What to work on: Below are some records. Retype exactly the lines from the one containing "Image de Modern" through the one containing "Silver Ice Metallic", both included, skipping every picture.

Data extract:
+ + + + +

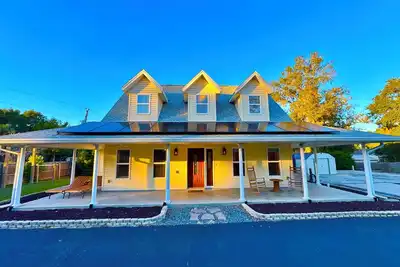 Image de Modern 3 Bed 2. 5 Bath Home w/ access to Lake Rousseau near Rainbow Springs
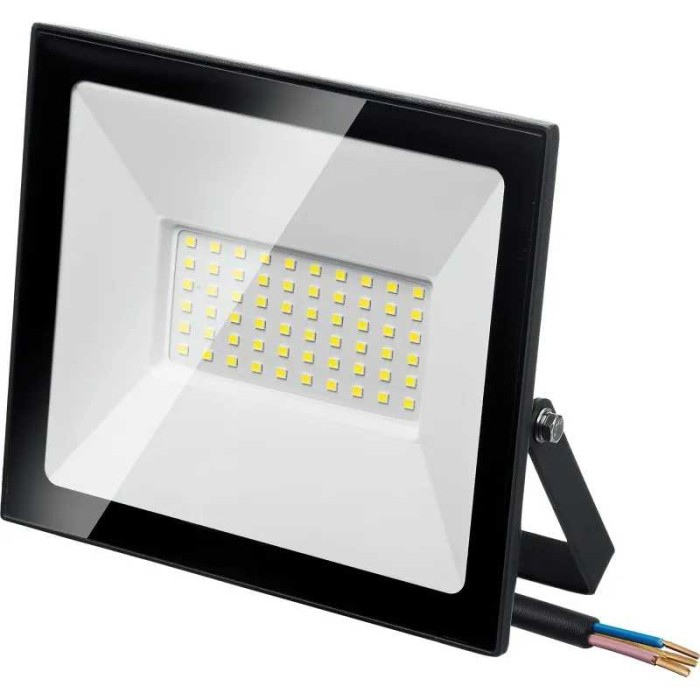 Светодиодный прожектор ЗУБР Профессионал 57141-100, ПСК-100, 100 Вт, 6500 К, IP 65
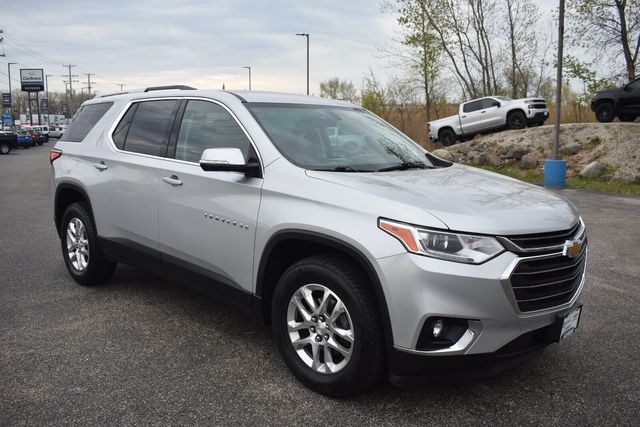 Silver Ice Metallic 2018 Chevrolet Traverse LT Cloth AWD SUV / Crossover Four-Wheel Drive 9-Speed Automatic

+ + + + +

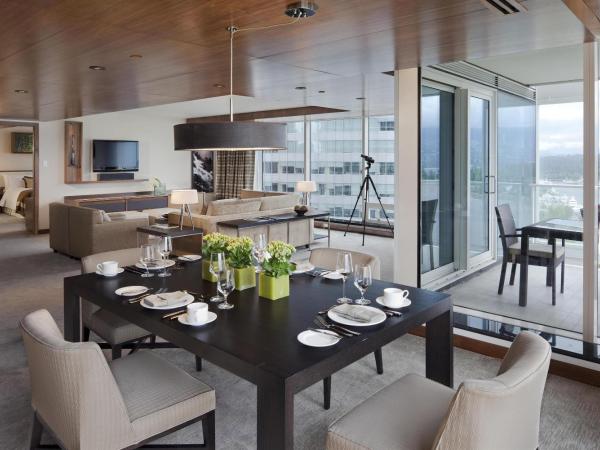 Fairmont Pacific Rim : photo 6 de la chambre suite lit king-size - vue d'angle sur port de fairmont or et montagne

+ + + + +

Written answer:
 Image de Modern 3 Bed 2. 5 Bath Home w/ access to Lake Rousseau near Rainbow Springs
 Светодиодный прожектор ЗУБР Профессионал 57141-100, ПСК-100, 100 Вт, 6500 К, IP 65
 Silver Ice Metallic 2018 Chevrolet Traverse LT Cloth AWD SUV / Crossover Four-Wheel Drive 9-Speed Automatic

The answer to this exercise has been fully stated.